_Work item:_ Return the data below exactly as given, except for the images.

——

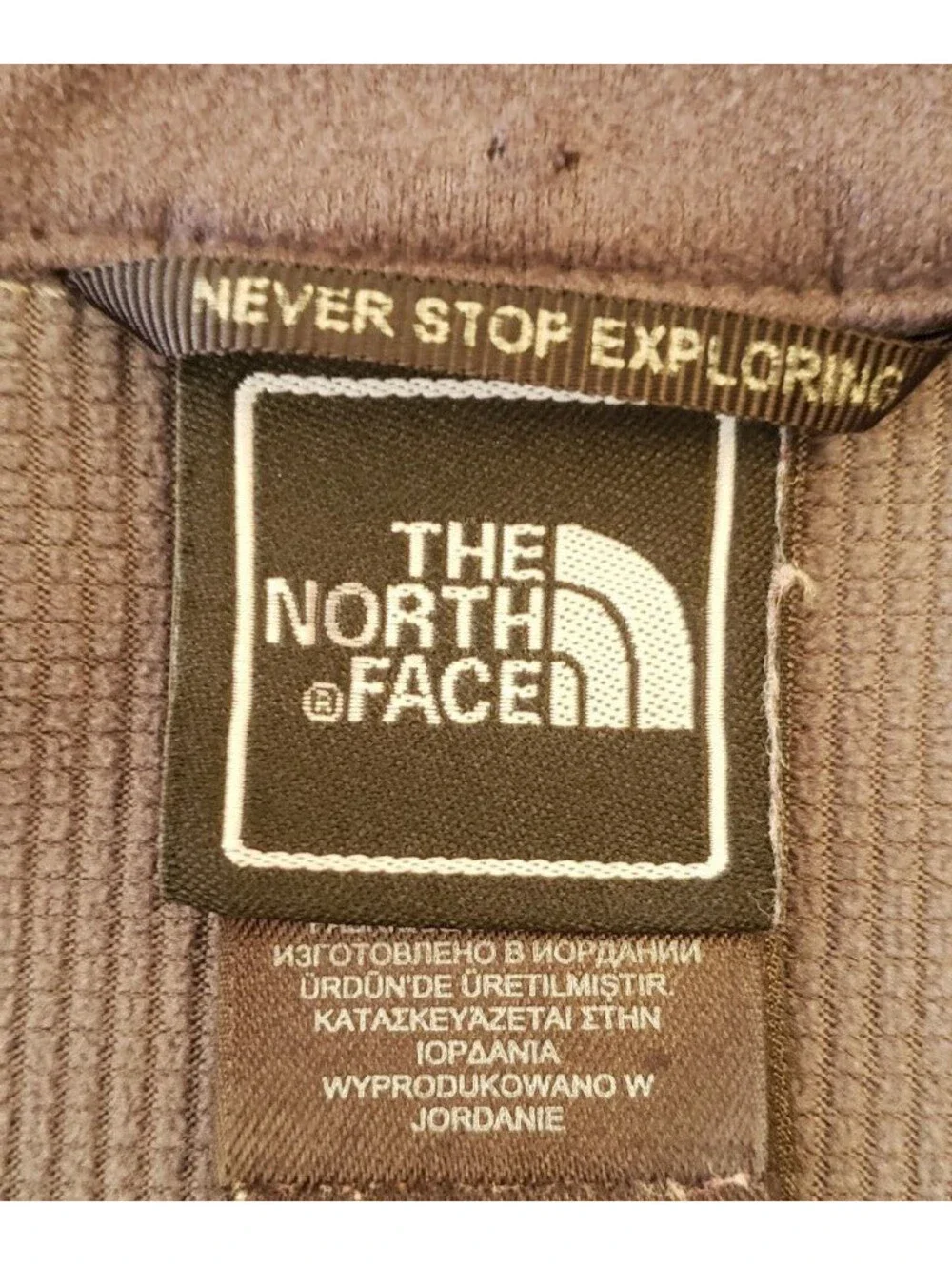The North Face Vest Men's Small Gray Heathered Blue Zipped Pockets Zip-Up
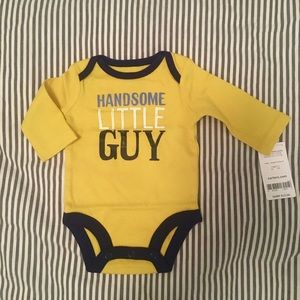 NWT NB Handsome Little Guy Onesie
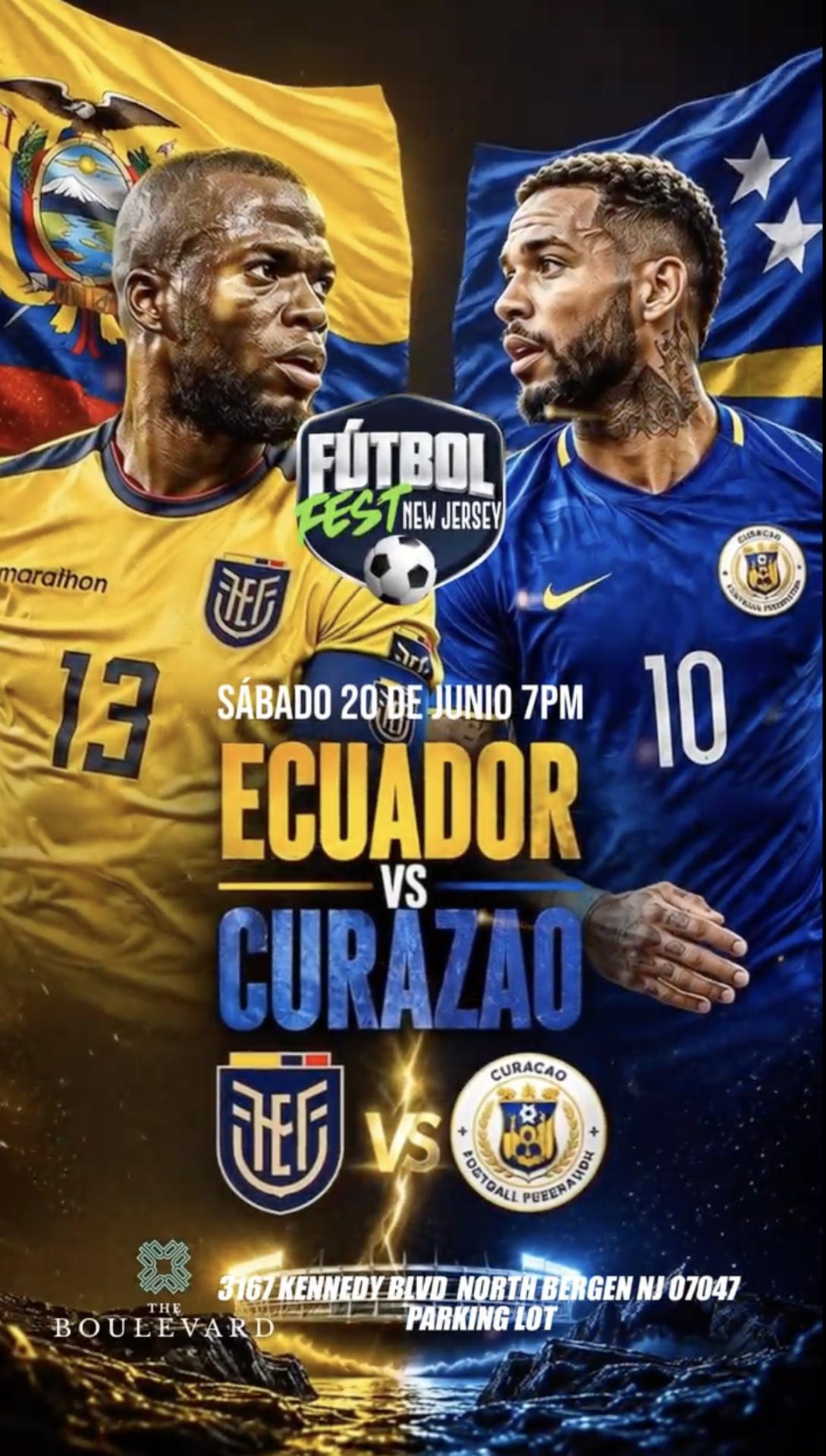 FUTBOL FEST NEW JERSEY | ( V.I.P AREA ) PARTIDOS JUNIO 20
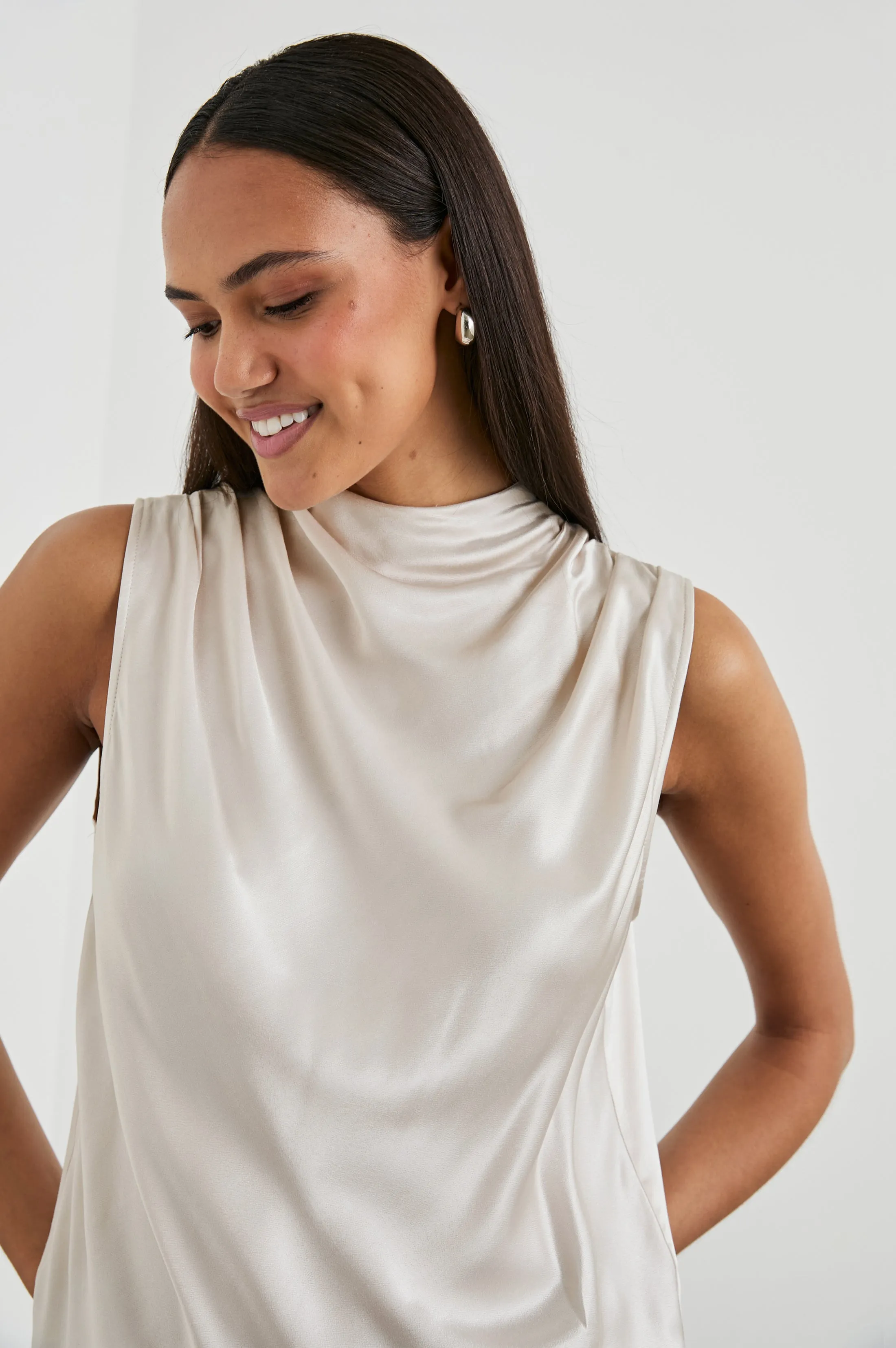 KALEEN TOP - IVORY Rails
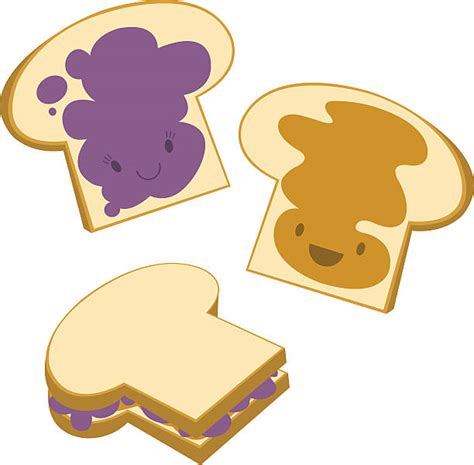 Peanut Butter And Jelly Sandwich Clip Art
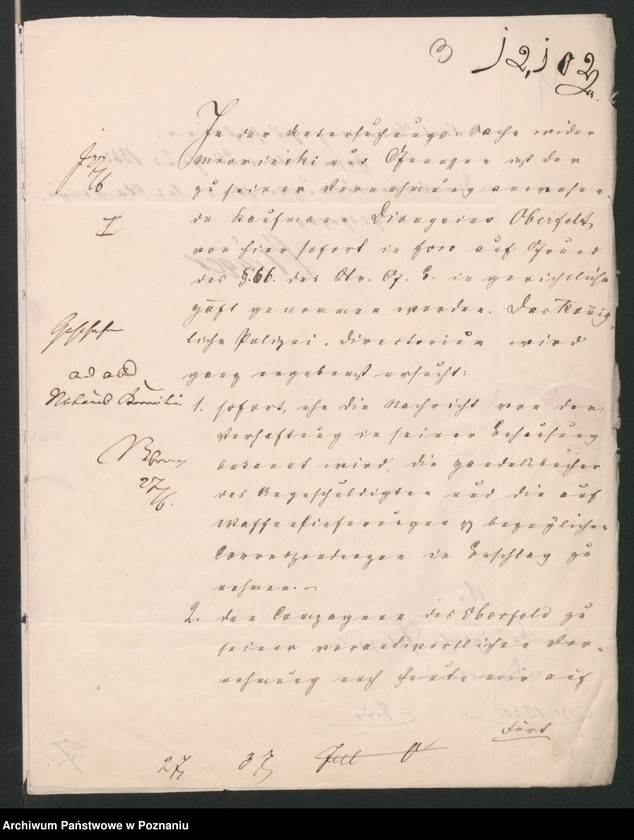 Obraz 6 z jednostki "A. betr. Dionisius Oberfeldt, Kaufmann /Waffenlager/"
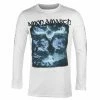 Men's T-shirt Long Sleeve AMON AMARTH - RAVEN'S FLIGHT - WHITE - PLASTIC HEAD -Halloween Mens Wear Store gfdf022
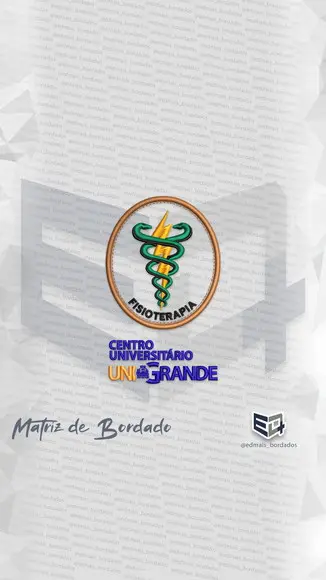 Matriz de Bordado Fisioterapia Centro Univeris. Unigrande
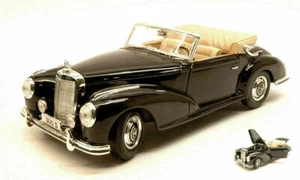 MAISTO 1:18 AUTO DIE CAST MERCEDES BENZ 300S 1955 NERO - Foto 1 di 1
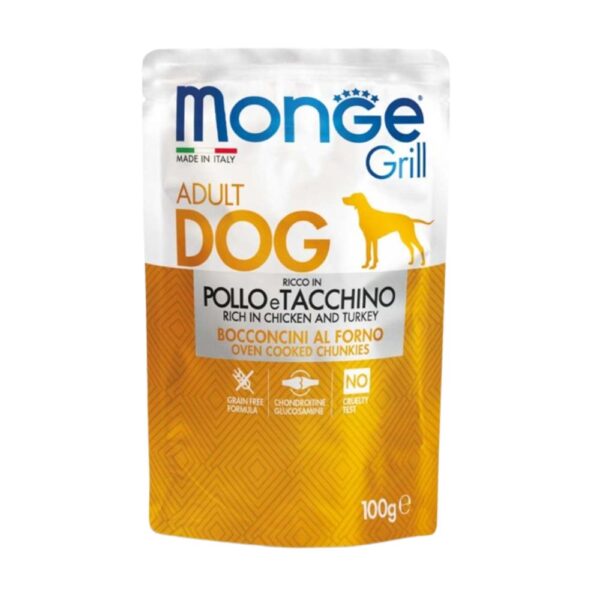Monge Cão Grill Adulto Frango e Peru 100g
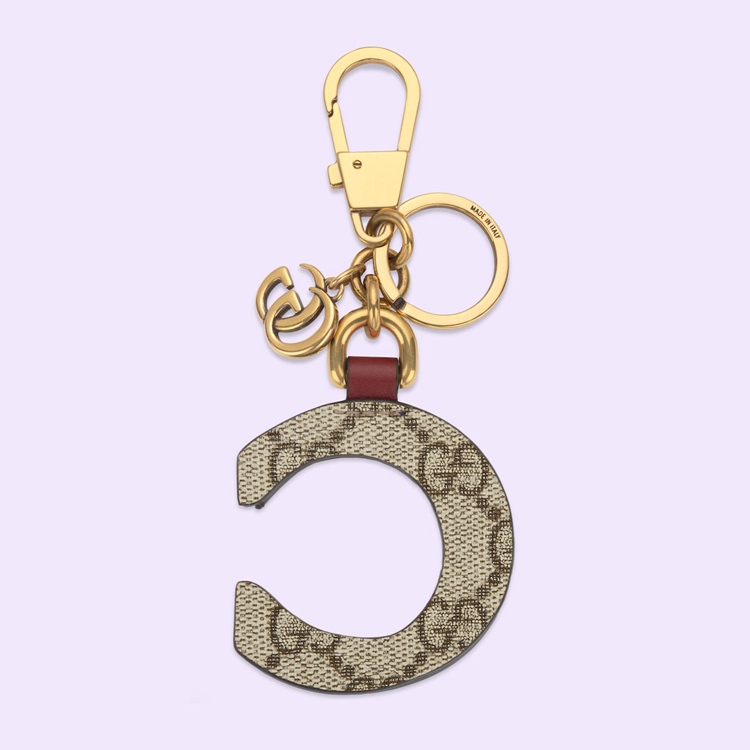 727629.AABIK.8684.002.100.0000.Light Leather letter keychain
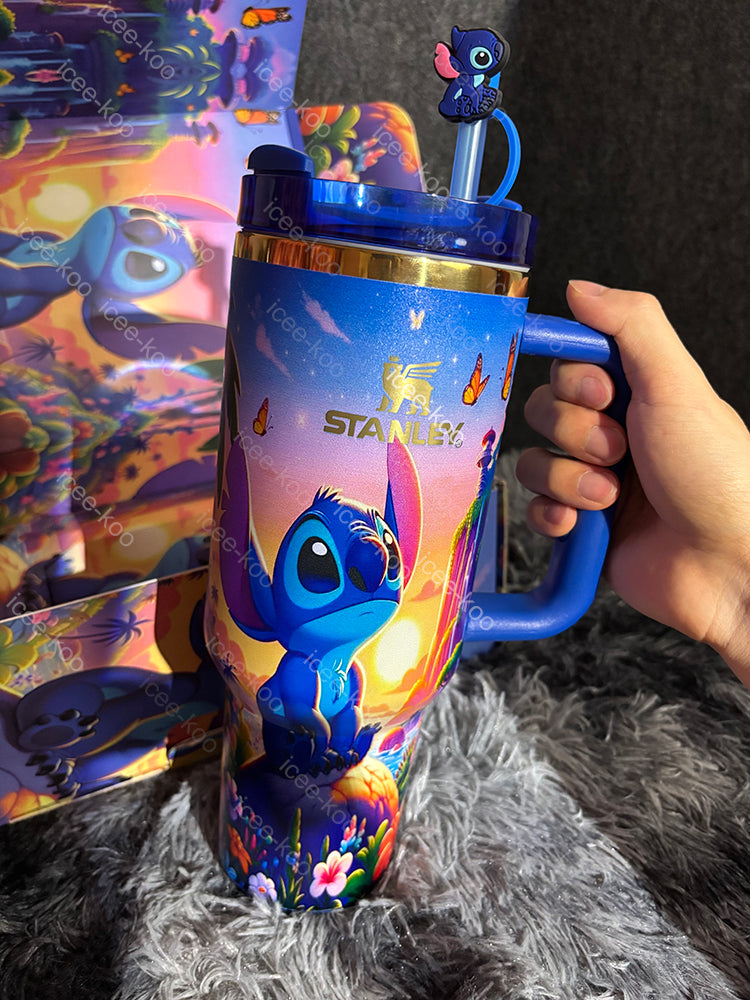 Sunset Stitch Tumbler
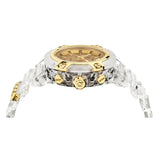 Versace Icon Active Chronograph Gold Dial White Silicone Strap Watch for Men - VEZ700121 Authentic Buy Shop Now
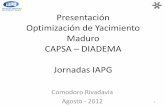 Presentación Optimización de Yacimiento Maduro Diademaoilproduction.net/files/24-Optimizacion de Yacimiento Maduro.pdf · •Ubicación Yacimiento Diadema-Argentina ... Historia
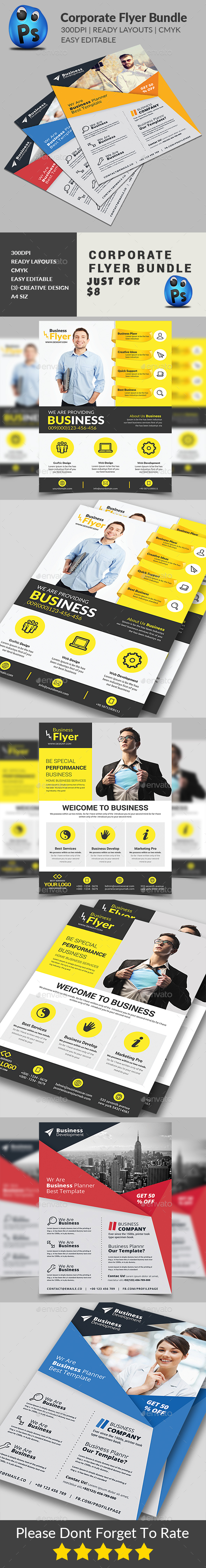 Corporate Business Flyer Bundle - Corporate Flyers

——

_Finished task:_
The North Face Vest Men's Small Gray Heathered Blue Zipped Pockets Zip-Up
 NWT NB Handsome Little Guy Onesie
 FUTBOL FEST NEW JERSEY | ( V.I.P AREA ) PARTIDOS JUNIO 20
 KALEEN TOP - IVORY Rails
 Peanut Butter And Jelly Sandwich Clip Art
 Obraz 6 z jednostki "A. betr. Dionisius Oberfeldt, Kaufmann /Waffenlager/"
 Men's T-shirt Long Sleeve AMON AMARTH - RAVEN'S FLIGHT - WHITE - PLASTIC HEAD -Halloween Mens Wear Store gfdf022
 Matriz de Bordado Fisioterapia Centro Univeris. Unigrande
 MAISTO 1:18 AUTO DIE CAST MERCEDES BENZ 300S 1955 NERO - Foto 1 di 1
Monge Cão Grill Adulto Frango e Peru 100g
 727629.AABIK.8684.002.100.0000.Light Leather letter keychain
 Sunset Stitch Tumbler
 Versace Icon Active Chronograph Gold Dial White Silicone Strap Watch for Men - VEZ700121 Authentic Buy Shop Now
 Presentación Optimización de Yacimiento Maduro Diademaoilproduction.net/files/24-Optimizacion de Yacimiento Maduro.pdf · •Ubicación Yacimiento Diadema-Argentina ... Historia
 Corporate Business Flyer Bundle - Corporate Flyers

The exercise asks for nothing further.